What type of file is this getting flagged on? Is it xml, apex, or something else? I ask because I'm not sure if you can just add a suppressing annotation or comment for the violation that is being flagged. See https://docs.pmd-code.org/latest/pmd_userdocs_suppressing_warnings.html
@rrajaram-salesforce I was able to reproduce and it looks as if the ProtectSensitiveData rule isn't even looking at the code... it's just looking at the file names. For example, if I just take any sample salesforce project and rename one of the object fields, like /main/default/objects/SomeObject__c/fields/SomeField__c.field-meta.xml
to instead be /main/default/objects/SomeObject__c/fields/Key__c.field-meta.xml
then I get the violation
Key__c is a potential auth token in a custom AppExchange Security Review https://github.com/forcedotcom/sfdx-scanner/blob/dev/pmd-appexchange/docs/ProtectSensitiveData.md
This is one of the pmd appexchange rules... but since it doesn't parse code - I don't see a mechanism that users can suppress the violation since it is purely based on file name. Does this rule have another mechanism it can look for to suppress false positives?
@kryvyifedir I understand your concern; Where the reported issue is not a security vulnerability, there is no need for the developer to do anything. There is no need to issue a false positive explanation either when submitting for security review; unlike the issues reported in Apex/VF/Aura etc,. where some business logic explanation may be warranted, for a security engineer to better understand the rational behind why a security pattern was not used. When the reviewers - that use the same rules - review the issue like this one, they will notice that the field does not carry an authentication token and will never report a vulnerability. However, unfortunately since there is no way to "track" the reported issue - in xml - as a false positive (Apex allows for annotations so that future PMD scans do not report the issue) the issue will be reported again in a future scan; but developers can ignore the reported issue. I can issue a fix that will not detect the string "key" - but I'm certain there are other strings that fall into a similar category where string matching will result in false positives. Infact, the rule is capable enough to report only those key words that map to a text data type and ignore any other data types (integer, date time etc,.) Hope this helps; I'll explore PMD further to see if there is a way to track previously reported issues as false positives in XML (similar to annotations or comments for Apex)
@rrajaram-salesforce Thank you for your response. Unfortunately, my concern is somewhat multi-faceted, so let me explain it a bit more.
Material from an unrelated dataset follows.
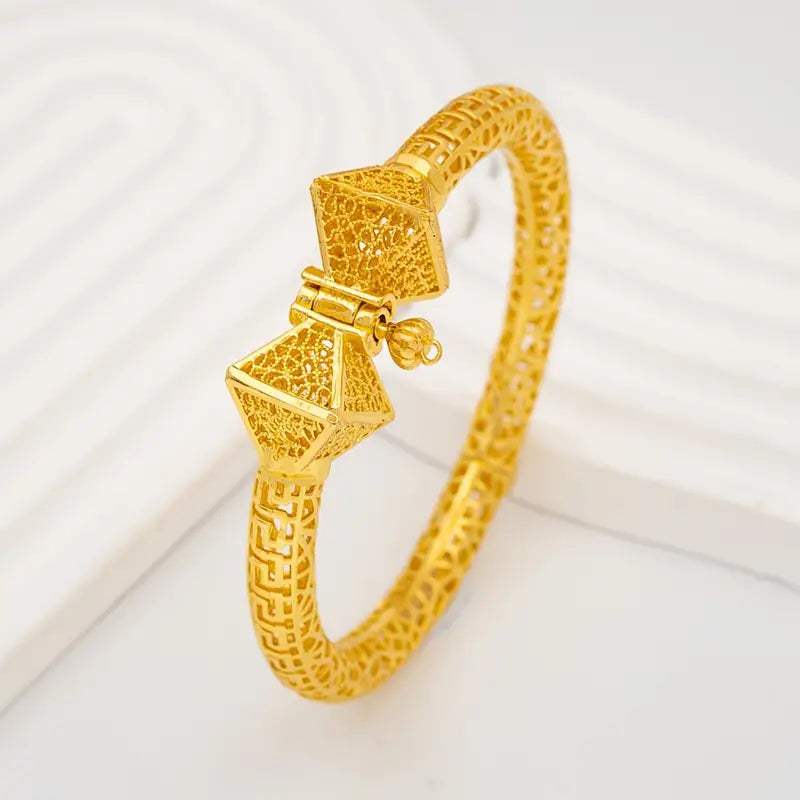 LUXURY CUFF BRACELET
Let's start from my specific example and my project:
And now, I want to address the issue that I have specifically with this check (without the context of my project):
Also, I appreciate that only text data type fields are being flagged but I think it would be nice also to check that the flagged field is not a formula (as you understand, users and code can't save any security info in this field, so if other fields in the table are not flagged - formula can't expose anything)
@kryvyifedir Just so you are aware @rrajaram-salesforce is on the SF Security Review team. He is saying, it doesn't raise concerns with him. I agree that we should work towards having this violation something you can exclude. It is simply at this point going to have to be an enhancement request for us to work on... so we will keep this issue open.
@stephen-carter-at-sf thank you for your support, I will be looking forward for the future updates for this. I am also planning a new release in November so I will be able to update this thread with the result of security review of my app
Have you verified this is Salesforce Code Analyzer specific?
Yes
Description
I have a 2GP package that was released on the AppExchange in June 2024. This package includes a couple of Custom sObjects that have "Keyc" fields. Since sfdx-scanner update to 4.2.0 these fields are flagged by "ProtectSensitiveData", with the issue: "Keyc is a potential auth token in the object".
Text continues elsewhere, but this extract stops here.